* Directions
All lines in the material below that hold "Gallery" should be found and copied.

*** Opening The data ***

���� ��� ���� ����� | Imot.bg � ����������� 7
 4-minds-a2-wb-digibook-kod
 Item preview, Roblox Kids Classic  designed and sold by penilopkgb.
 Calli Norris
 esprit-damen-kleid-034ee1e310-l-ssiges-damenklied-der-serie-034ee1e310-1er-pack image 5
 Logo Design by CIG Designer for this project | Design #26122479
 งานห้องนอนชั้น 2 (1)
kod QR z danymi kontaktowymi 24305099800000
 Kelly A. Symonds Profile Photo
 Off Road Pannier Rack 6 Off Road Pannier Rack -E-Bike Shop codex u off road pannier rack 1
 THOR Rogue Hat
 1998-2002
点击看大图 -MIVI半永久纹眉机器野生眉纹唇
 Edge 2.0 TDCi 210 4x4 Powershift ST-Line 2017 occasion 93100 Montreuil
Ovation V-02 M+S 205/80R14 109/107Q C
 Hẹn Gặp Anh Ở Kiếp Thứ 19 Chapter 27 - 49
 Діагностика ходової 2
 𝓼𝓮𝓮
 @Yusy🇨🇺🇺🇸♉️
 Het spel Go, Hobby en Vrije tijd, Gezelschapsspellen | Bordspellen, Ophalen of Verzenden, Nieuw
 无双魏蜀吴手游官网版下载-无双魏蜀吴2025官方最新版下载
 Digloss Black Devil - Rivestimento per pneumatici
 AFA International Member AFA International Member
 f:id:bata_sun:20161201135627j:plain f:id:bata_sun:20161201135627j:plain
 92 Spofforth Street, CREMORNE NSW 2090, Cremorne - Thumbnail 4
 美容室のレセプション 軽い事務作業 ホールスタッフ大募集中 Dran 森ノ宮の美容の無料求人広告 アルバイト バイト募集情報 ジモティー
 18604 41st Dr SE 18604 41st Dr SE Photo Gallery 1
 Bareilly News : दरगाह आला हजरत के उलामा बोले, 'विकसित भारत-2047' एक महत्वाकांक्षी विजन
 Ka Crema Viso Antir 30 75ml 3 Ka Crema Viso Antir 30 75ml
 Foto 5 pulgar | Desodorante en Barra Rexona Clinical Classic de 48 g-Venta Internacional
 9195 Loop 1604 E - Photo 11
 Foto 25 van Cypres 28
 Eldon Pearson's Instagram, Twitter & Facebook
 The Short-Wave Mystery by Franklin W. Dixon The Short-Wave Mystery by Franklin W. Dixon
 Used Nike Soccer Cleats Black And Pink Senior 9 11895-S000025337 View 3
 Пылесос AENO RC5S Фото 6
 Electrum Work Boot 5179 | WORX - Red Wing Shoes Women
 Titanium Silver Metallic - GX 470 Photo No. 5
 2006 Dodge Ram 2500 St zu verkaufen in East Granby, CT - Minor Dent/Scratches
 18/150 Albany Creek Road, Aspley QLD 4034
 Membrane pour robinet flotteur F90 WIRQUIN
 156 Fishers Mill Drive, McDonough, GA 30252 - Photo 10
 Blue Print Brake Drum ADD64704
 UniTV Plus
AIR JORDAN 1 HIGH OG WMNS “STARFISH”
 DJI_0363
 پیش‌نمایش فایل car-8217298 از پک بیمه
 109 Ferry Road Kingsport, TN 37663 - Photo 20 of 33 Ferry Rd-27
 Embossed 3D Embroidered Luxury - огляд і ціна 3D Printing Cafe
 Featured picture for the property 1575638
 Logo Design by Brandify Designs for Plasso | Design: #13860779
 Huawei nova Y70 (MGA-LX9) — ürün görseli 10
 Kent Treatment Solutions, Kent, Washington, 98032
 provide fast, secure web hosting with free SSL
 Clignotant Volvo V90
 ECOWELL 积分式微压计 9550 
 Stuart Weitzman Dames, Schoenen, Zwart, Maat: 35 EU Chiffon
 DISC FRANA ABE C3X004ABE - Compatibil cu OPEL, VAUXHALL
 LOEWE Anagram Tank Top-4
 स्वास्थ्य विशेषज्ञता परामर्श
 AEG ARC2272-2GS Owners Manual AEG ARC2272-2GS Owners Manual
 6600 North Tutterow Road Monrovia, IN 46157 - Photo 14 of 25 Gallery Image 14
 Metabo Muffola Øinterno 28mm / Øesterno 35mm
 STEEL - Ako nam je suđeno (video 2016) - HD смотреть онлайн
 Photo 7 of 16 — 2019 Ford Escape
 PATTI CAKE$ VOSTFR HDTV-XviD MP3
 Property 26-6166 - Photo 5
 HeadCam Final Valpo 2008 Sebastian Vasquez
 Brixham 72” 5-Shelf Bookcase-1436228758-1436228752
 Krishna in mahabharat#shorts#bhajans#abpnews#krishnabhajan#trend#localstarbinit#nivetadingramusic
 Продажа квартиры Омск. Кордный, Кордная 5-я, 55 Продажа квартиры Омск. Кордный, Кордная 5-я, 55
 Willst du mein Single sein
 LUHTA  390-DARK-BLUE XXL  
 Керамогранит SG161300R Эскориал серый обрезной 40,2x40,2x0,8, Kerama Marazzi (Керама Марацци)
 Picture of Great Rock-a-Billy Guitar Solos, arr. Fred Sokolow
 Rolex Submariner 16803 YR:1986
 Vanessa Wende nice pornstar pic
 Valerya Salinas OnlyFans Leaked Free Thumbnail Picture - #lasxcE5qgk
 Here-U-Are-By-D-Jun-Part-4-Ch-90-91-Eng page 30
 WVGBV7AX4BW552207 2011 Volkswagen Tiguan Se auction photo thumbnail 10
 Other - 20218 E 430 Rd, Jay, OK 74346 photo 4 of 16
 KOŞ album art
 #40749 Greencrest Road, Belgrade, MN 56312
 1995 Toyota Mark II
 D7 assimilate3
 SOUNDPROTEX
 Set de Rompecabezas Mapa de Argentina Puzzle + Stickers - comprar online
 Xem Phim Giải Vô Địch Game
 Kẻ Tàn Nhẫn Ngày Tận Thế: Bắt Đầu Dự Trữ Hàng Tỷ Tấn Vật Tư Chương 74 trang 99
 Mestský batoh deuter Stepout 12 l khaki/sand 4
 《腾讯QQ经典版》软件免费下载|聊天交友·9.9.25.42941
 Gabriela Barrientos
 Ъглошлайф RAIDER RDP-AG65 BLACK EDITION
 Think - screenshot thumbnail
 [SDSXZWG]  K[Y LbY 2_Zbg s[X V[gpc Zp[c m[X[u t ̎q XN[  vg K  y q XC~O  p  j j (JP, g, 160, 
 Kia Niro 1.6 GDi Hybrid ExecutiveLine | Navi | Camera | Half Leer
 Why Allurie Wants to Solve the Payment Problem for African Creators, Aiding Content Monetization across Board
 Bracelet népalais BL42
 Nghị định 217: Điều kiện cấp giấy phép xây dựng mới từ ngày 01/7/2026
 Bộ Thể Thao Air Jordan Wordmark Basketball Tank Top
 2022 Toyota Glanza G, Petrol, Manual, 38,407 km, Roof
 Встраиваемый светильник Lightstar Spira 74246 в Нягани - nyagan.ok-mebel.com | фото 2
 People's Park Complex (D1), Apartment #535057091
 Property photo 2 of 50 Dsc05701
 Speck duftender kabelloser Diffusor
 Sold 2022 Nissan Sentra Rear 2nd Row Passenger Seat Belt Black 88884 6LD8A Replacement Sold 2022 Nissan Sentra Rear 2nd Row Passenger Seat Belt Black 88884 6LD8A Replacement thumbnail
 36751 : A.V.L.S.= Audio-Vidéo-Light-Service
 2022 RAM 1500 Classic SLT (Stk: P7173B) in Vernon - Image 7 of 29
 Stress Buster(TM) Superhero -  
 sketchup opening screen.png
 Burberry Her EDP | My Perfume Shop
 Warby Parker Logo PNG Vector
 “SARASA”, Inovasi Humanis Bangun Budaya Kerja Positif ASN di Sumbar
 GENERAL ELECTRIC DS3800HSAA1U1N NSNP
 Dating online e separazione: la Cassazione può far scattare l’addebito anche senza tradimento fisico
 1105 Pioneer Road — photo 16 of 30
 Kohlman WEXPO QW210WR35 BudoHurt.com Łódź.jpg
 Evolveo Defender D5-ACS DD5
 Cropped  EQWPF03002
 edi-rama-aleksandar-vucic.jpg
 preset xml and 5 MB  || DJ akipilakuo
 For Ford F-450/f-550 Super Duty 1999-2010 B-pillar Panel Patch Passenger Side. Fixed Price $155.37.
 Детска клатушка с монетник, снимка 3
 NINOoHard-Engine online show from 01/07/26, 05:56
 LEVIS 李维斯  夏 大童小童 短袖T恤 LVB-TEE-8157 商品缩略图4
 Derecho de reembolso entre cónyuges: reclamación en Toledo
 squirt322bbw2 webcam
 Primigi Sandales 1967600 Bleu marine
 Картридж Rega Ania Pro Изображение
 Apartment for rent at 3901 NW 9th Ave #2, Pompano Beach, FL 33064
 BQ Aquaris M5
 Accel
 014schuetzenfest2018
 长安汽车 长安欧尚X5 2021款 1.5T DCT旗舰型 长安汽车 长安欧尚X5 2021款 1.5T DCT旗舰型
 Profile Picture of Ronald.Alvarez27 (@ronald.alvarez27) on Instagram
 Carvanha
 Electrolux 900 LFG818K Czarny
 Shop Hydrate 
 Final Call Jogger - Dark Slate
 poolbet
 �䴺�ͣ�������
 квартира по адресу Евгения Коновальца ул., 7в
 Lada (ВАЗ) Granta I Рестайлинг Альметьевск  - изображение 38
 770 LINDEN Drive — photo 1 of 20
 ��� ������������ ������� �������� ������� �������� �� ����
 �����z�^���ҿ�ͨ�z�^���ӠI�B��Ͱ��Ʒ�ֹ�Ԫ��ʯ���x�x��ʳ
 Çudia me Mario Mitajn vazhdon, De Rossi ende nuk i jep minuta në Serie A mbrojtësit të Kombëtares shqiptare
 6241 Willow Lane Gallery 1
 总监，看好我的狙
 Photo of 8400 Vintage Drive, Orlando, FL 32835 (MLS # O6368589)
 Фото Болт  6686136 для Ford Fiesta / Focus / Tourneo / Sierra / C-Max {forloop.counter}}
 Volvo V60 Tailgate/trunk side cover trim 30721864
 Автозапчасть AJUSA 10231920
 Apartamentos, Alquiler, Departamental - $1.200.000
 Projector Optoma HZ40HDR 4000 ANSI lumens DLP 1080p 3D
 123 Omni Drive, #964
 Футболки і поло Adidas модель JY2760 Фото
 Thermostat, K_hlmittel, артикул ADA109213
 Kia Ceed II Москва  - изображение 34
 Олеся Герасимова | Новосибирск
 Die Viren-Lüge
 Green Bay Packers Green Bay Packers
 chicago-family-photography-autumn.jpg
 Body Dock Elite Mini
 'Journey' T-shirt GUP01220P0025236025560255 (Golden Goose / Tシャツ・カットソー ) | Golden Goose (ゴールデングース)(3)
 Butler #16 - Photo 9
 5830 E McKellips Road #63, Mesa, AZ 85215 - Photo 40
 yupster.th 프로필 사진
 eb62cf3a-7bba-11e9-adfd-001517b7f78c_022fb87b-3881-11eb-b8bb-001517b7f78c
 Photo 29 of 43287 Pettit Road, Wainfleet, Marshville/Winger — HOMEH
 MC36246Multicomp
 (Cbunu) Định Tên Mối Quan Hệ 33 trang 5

*** Closing The data ***

* Result for this task
 18604 41st Dr SE 18604 41st Dr SE Photo Gallery 1
 6600 North Tutterow Road Monrovia, IN 46157 - Photo 14 of 25 Gallery Image 14
 6241 Willow Lane Gallery 1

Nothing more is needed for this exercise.